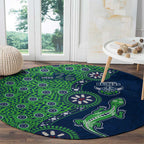 Canberra Raiders NAIDOC Week 2026 Round Carpet Aboriginal Lizard Dot Painting - 50 Years of Deadly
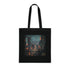 Futuristic Cyberpunk Cityscape Black Cotton Tote Bag - Accessories, Bags
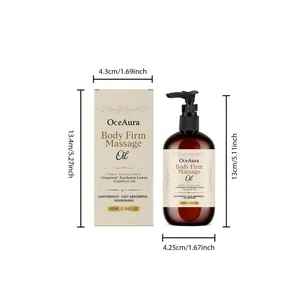 Especificaciones detalladas de tamaño para OceAura Body Massage Oil y caja de empaque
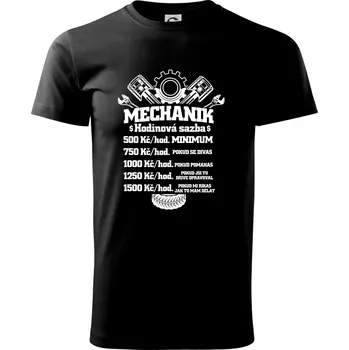 Pánské tričko Mechanik - hodinová sazba - Triko extra velké (5-8XL) - 7XL ( Černá )
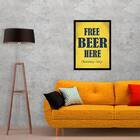 Quadro Free Beer Tomorrow 33x24cm - Com Vidro Moldura:madeira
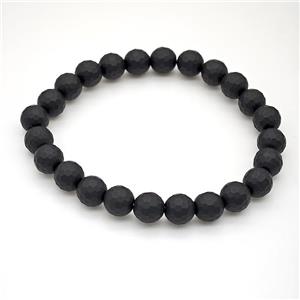 Natural Black Onyx Agate Bracelet Matte Faceted Round Stretchy, approx 8mm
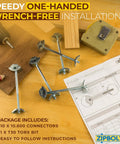 Heavy Duty Joint Connectors For Countertops And Butcher Blocks, Total Game Changer For Quick Wood Assembly, No Sweat One Hand Install With Included T30 Torx Bit, Knockout Strength Kitchen Worktop Binder, 10 Pack with connectors and installation tools.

• • • • •

- [Exercise directions] Return all the records exactly. Skip the pictures.

- [Answer space]
 Canberra Raiders NAIDOC Week 2026 Round Carpet Aboriginal Lizard Dot Painting - 50 Years of Deadly
 Futuristic Cyberpunk Cityscape Black Cotton Tote Bag - Accessories, Bags
 Especificaciones detalladas de tamaño para OceAura Body Massage Oil y caja de empaque
 Pánské tričko Mechanik - hodinová sazba - Triko extra velké (5-8XL) - 7XL ( Černá )
 Quadro Free Beer Tomorrow 33x24cm - Com Vidro Moldura:madeira
 Natural Black Onyx Agate Bracelet Matte Faceted Round Stretchy, approx 8mm
 Heavy Duty Joint Connectors For Countertops And Butcher Blocks, Total Game Changer For Quick Wood Assembly, No Sweat One Hand Install With Included T30 Torx Bit, Knockout Strength Kitchen Worktop Binder, 10 Pack with connectors and installation tools.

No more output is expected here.